Segment Open

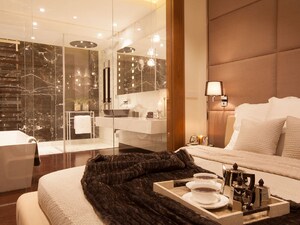Living Room in 4 BHK Apartment at Andheri West – for Rent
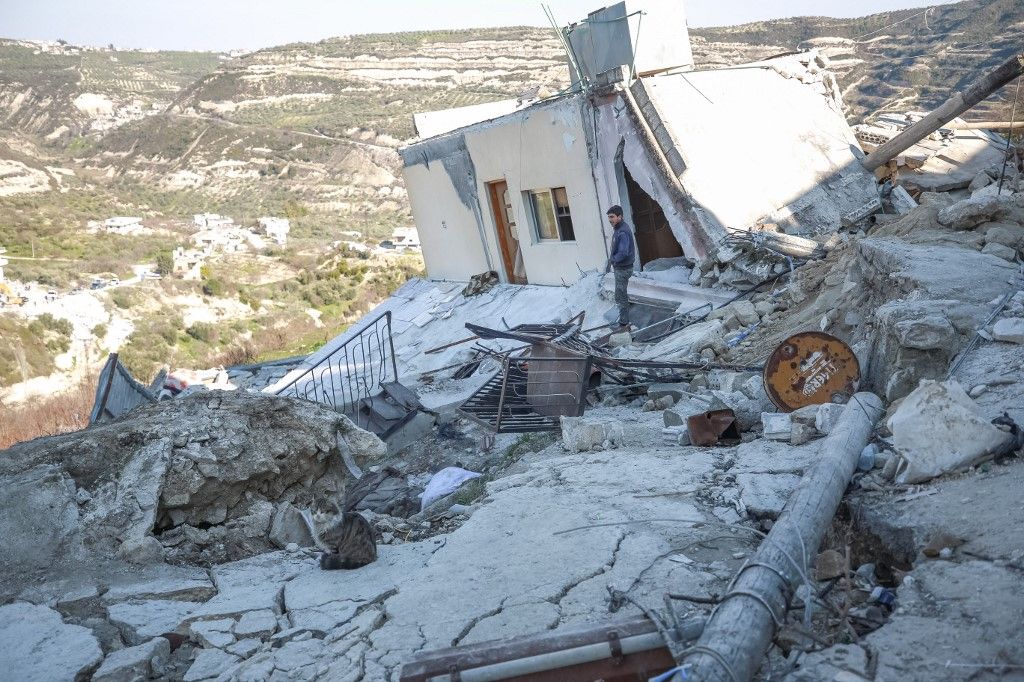 Death toll from powerful earthquakes climbs over to 3,688 in Syria
földrengés, Szíria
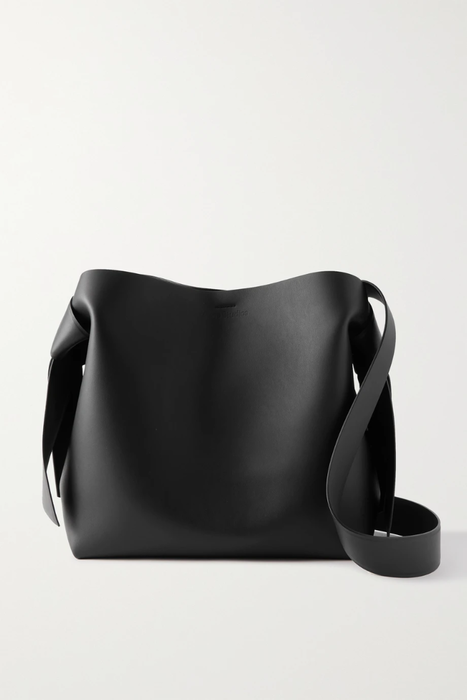 유럽직배송 아크네스튜디오 숄더백 ACNE STUDIOS Musubi Midi knotted leather shoulder bag 24772899113364496
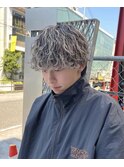 天神波巻きスパイラルパーマ波巻きパーマプードルパーマ強め20代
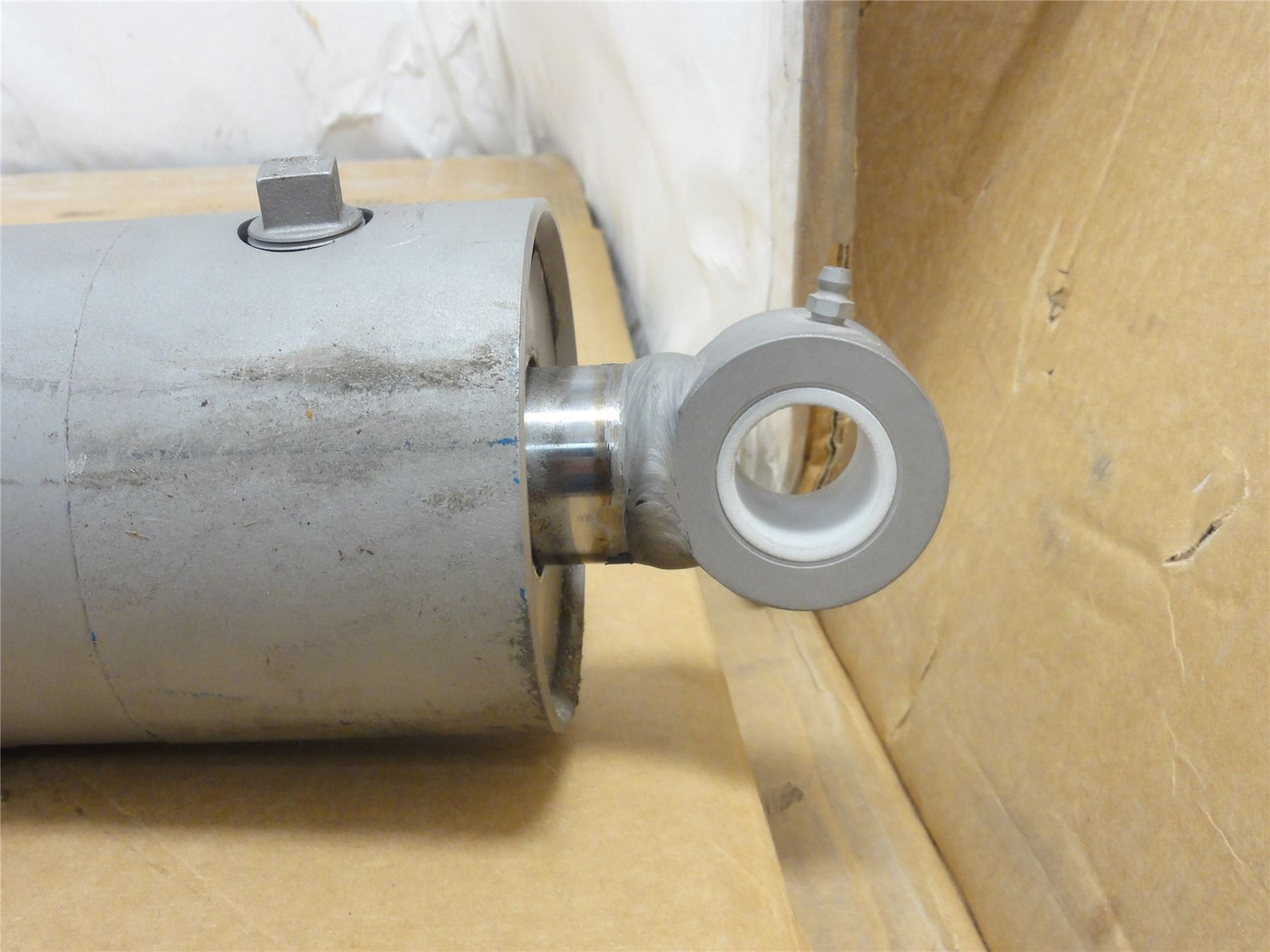 Ensight Solutions 500324; Hydraulic Cylinder 3.5"ID x 30" Stk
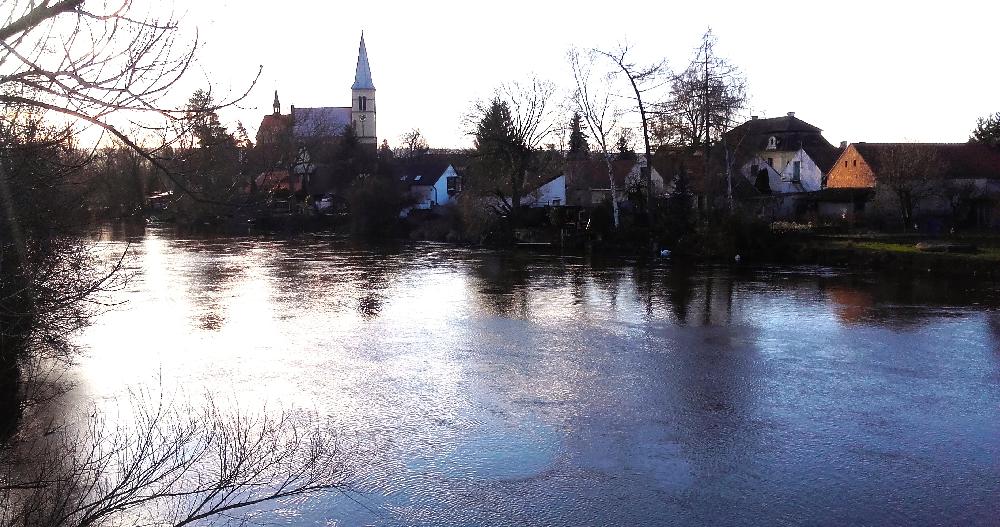 Barokn� fara a kostel Sv. K��e i Radonice se nach�z� doslova nad Oh��.
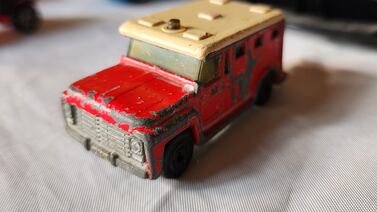 Tico encontró a joven que le regaló un carrito de juguete cuando eran niños hace 18 años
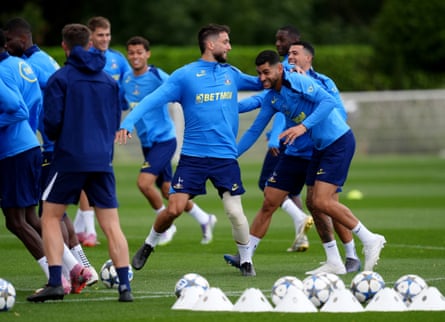 Rodrigo Bentancur puts an arm around Cristian Romero as they enjoy training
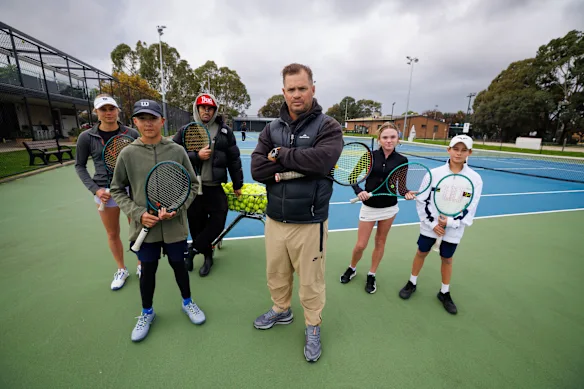 Les joueurs juniors Sarah Mildren, Ethan Liversage, Sadie Gillard et Max Winstanley avec les entraîneurs Todd Ley et Todd Langman (au milieu) au Glenlea Tennis Club.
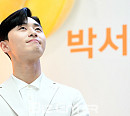 [BZ포토] 박서준, 팬들 바라보는 눈빛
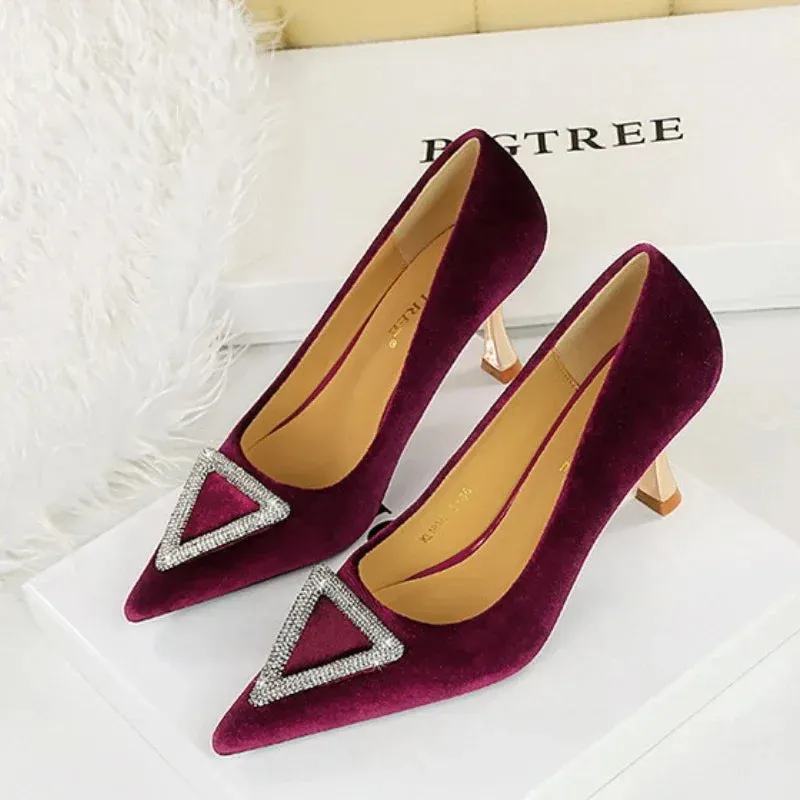 Designer Women Heels Prom Pumps Lady Velvet Pointed Toe 7cm Thin High Heels Pearl Crystal Buckle Shoes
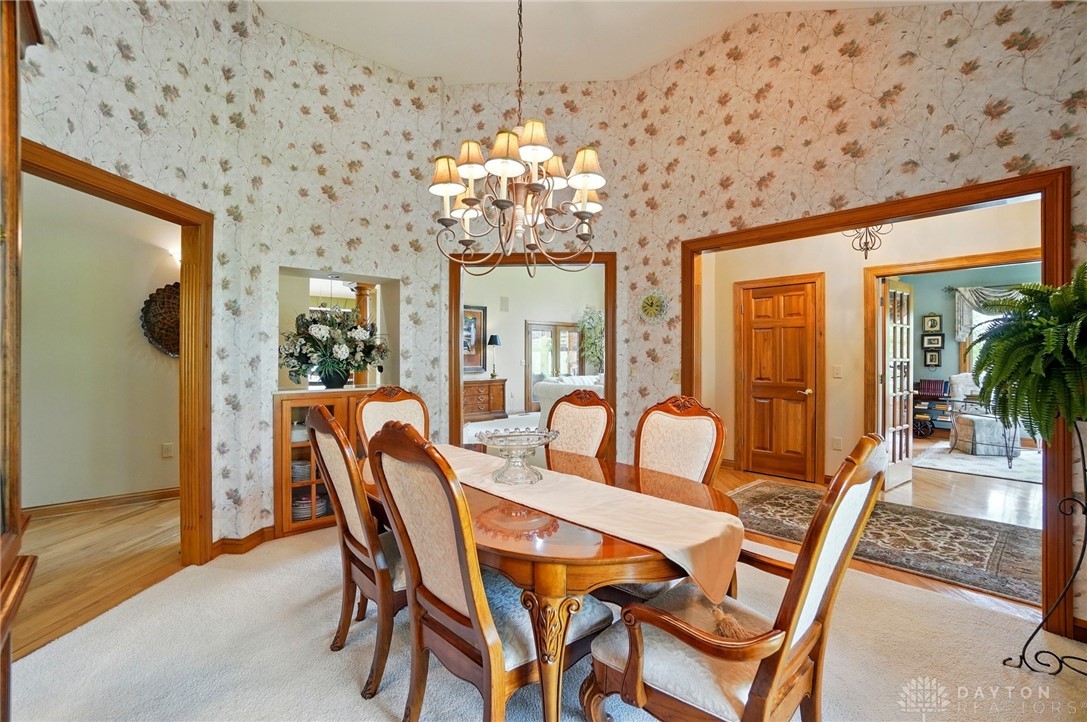 1585 Oakwood Trail, Beavercreek Township, Ohio image 15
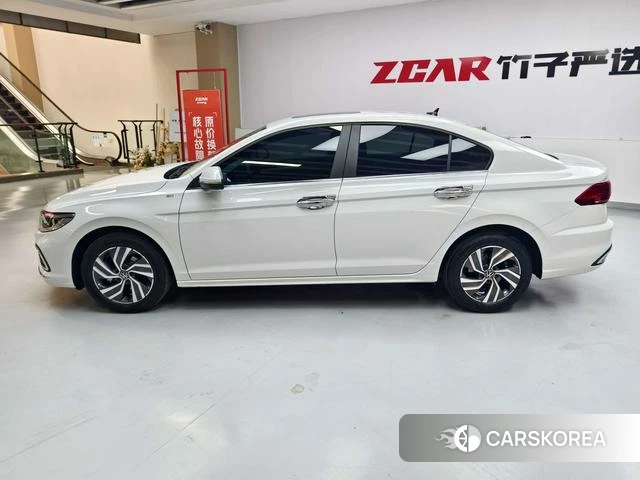 Volkswagen Bora id 4259884 из Китая 23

Segment Closed

Pass over the images and copy the rest of the material above exactly.

Living Room in 4 BHK Apartment at Andheri West – for Rent
 Death toll from powerful earthquakes climbs over to 3,688 in Syria
földrengés, Szíria
 유럽직배송 아크네스튜디오 숄더백 ACNE STUDIOS Musubi Midi knotted leather shoulder bag 24772899113364496
 天神波巻きスパイラルパーマ波巻きパーマプードルパーマ強め20代
 Ensight Solutions 500324; Hydraulic Cylinder 3.5"ID x 30" Stk
 Barokn� fara a kostel Sv. K��e i Radonice se nach�z� doslova nad Oh��.
 Tico encontró a joven que le regaló un carrito de juguete cuando eran niños hace 18 años
 Rodrigo Bentancur puts an arm around Cristian Romero as they enjoy training
 Les joueurs juniors Sarah Mildren, Ethan Liversage, Sadie Gillard et Max Winstanley avec les entraîneurs Todd Ley et Todd Langman (au milieu) au Glenlea Tennis Club.
 [BZ포토] 박서준, 팬들 바라보는 눈빛
 Designer Women Heels Prom Pumps Lady Velvet Pointed Toe 7cm Thin High Heels Pearl Crystal Buckle Shoes
 1585 Oakwood Trail, Beavercreek Township, Ohio image 15
 Volkswagen Bora id 4259884 из Китая 23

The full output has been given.